Chris -  Fire looks like a solid thing but it’s not. It’s actually just vapour. When you heat something up to a high temperature it shoves out chemicals which are volatile and flammable. They mix with oxygen which is coming from the air around them. They combust so they react with the oxygen and they burn releasing heat. They also produce some degradation products or burning products from combustion. When you make that it glows. It’s incandescent and it gives out light at different wavelengths and different chemicals make different coloured lights. That’s why flames have different colours. Sodium’s very common and that makes flames an orange colour. If you have incomplete combustion. If you have some sooty particles in the smoke or the vapour they’ll glow orange as well. This is why you then see this orange pattern.

July 2008

Guillermo Davies asked the Naked Scientists: Is fire any kind of matter? If so, which state of matter is it in, plasma, gas? What do you think?
- Guillermo Davies - 27th Jul 08
Fire is more of a 'process' than a substance, I should say.
The 'matter' in a fire is the fuel and the Oxygen (plus Nitrogen, etc, which play no real part).
The oxidation process is very rapid (and exothermal) which raises the temperature and  provides the activation energy to continue the process.
A plasma consists of a mixture of ions which are separated by virtue of the average thermal energy (i.e. temperature) being greater than the potential energy of attraction between the ions. There may be some flames where this happens but I don't think the temperature is high enough in 'yer average' candle flame.
Aren't the fuels and the oxides covalent compounds so the energy would only be available if they actually combined?
Go on, BC - put me right. I promise not to get abusive!
- lyner - 27th Jul 08
Technically a plasma is any ionised gas (subject to being shouted at by physicists) so a candle flame is a dilute plasma. A decent meter will let you demonstrate that a candle flame conducts electricity. Not many of the molecules get ionised, but some do.

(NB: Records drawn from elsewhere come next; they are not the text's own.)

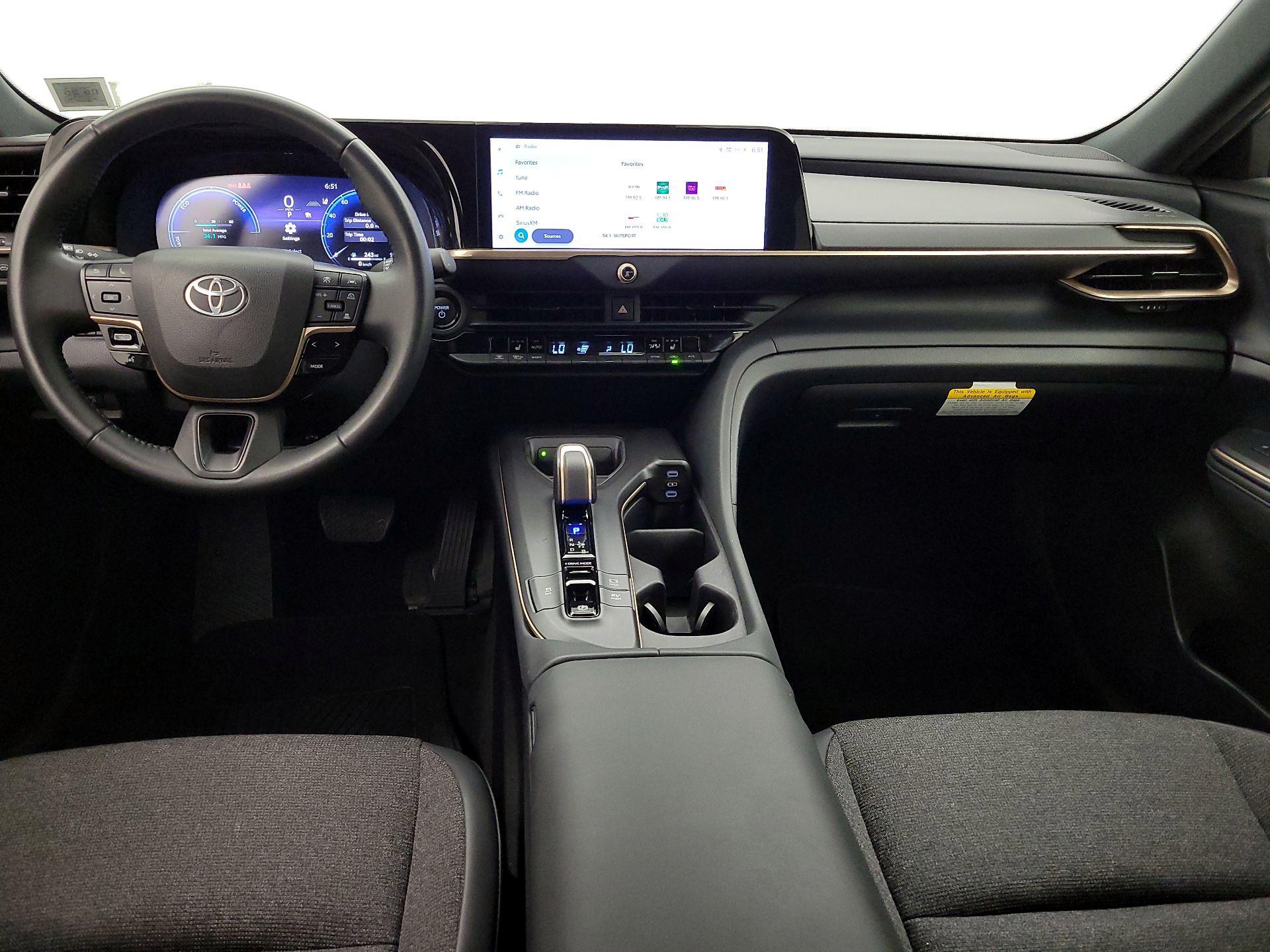 Thumbnail: 2023 Toyota Crown - 9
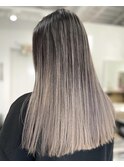 バレイヤージュグラデーションカラーで簡単オシャレヘアーに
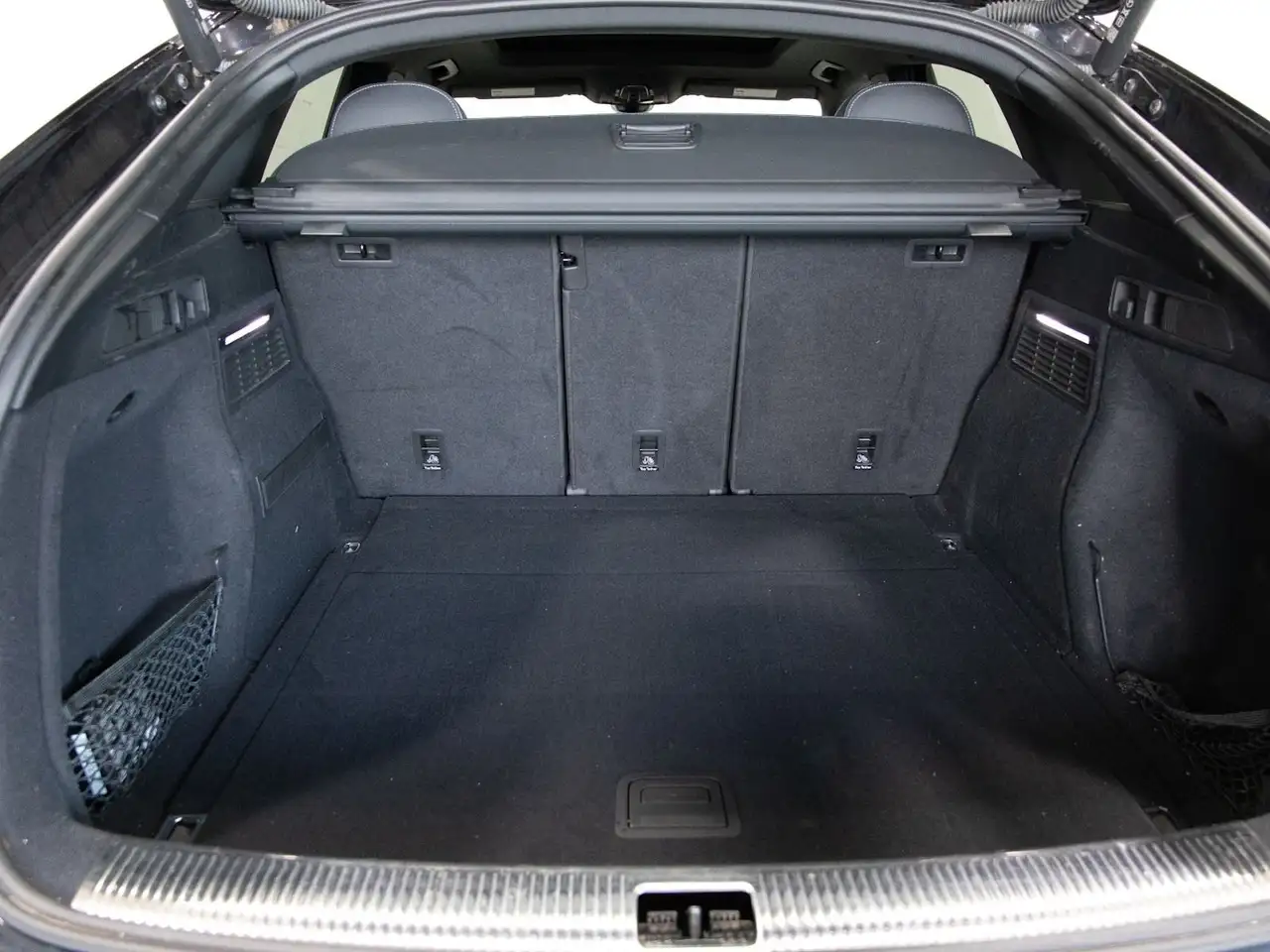 Audi Q5 снимка Audi Q5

Anyway, describing fire as a process rather than a material sums it up rather well.
- Bored chemist - 30th Jul 08
Why do you hate me so?
You are always putting me right (gnaws knuckles and kicks the cat).

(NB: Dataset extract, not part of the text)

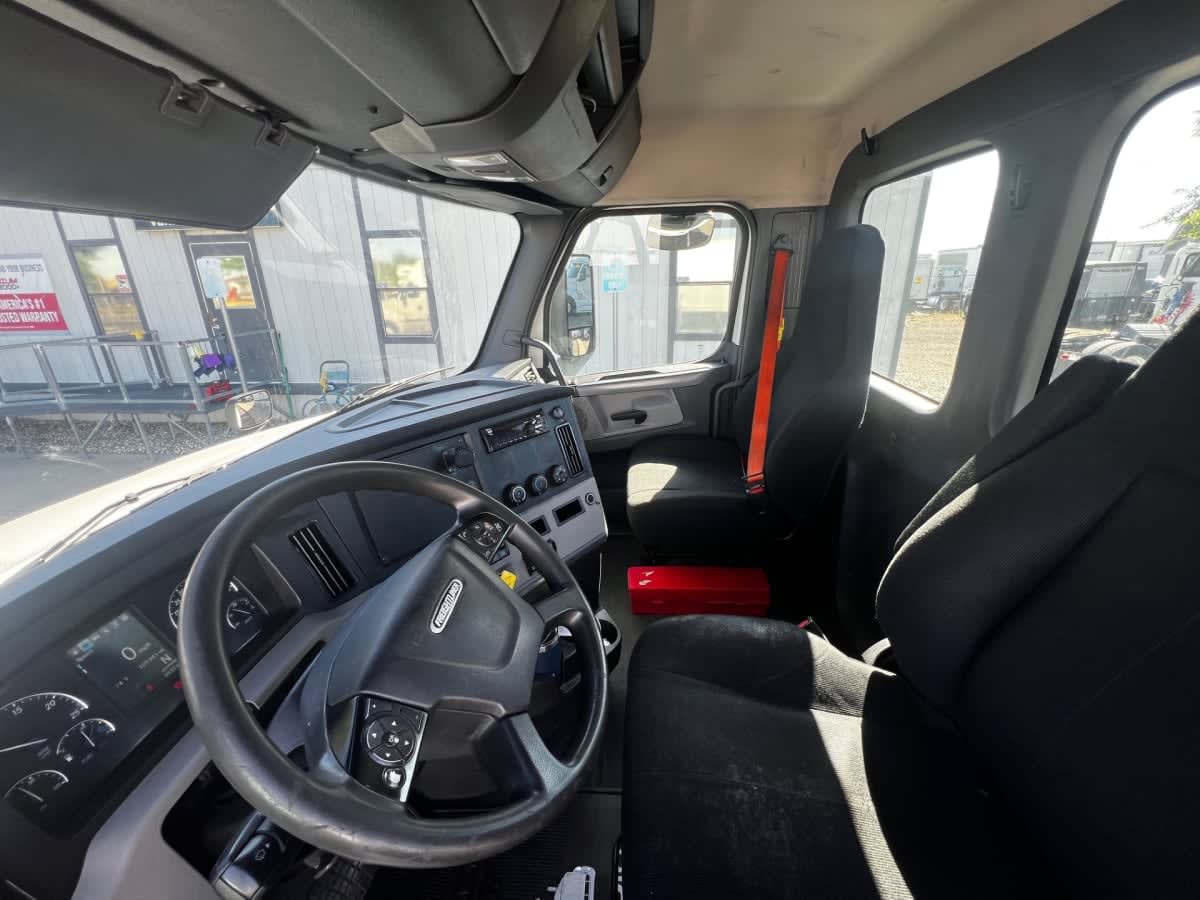 2019 Freightliner Cascadia in West Sacramento, CA — photo 7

I should have remembered the 'flame probe' for detecting high voltage potentials.
- lyner - 31st Jul 08
Of course, I love you dearly. But my love of scientific truth tends to win out.
- Bored chemist - 31st Jul 08
]
- lightarrow - 1st Aug 08
That's true - particularly around the outside.
- lyner - 1st Aug 08
Why are you fighting? Someone tell what actually is fire. Does it have mass? Can it be made to occupy fixed shape? Why does it flutter? Why is it pointed at top? If it is a reaction, what are the reactants and products? If it were a process, I believe it shouldn't have been such a physical thing which could be seen. If it is a matter, it should be within three states. And Mr. Plasma, I request you to clear your concept as Mr. Process did.
- Pramod Kandel - 31st Jan 10
Fire is the physical manifestation of an incorporeal reality or the spirit of Yahweh. That is the reason it can't be defined under matter as the other elements are and there has to be three (3) conditions in order to invoke fire. This is showing that the creator Yahweh is a 3-fold unity being the Father, The Word and Holy Spirit. At no point in time will you get Yahweh without the 3-fold unity just like there can't be fire without those 3 conditions present which are the fuel, oxygen and heat.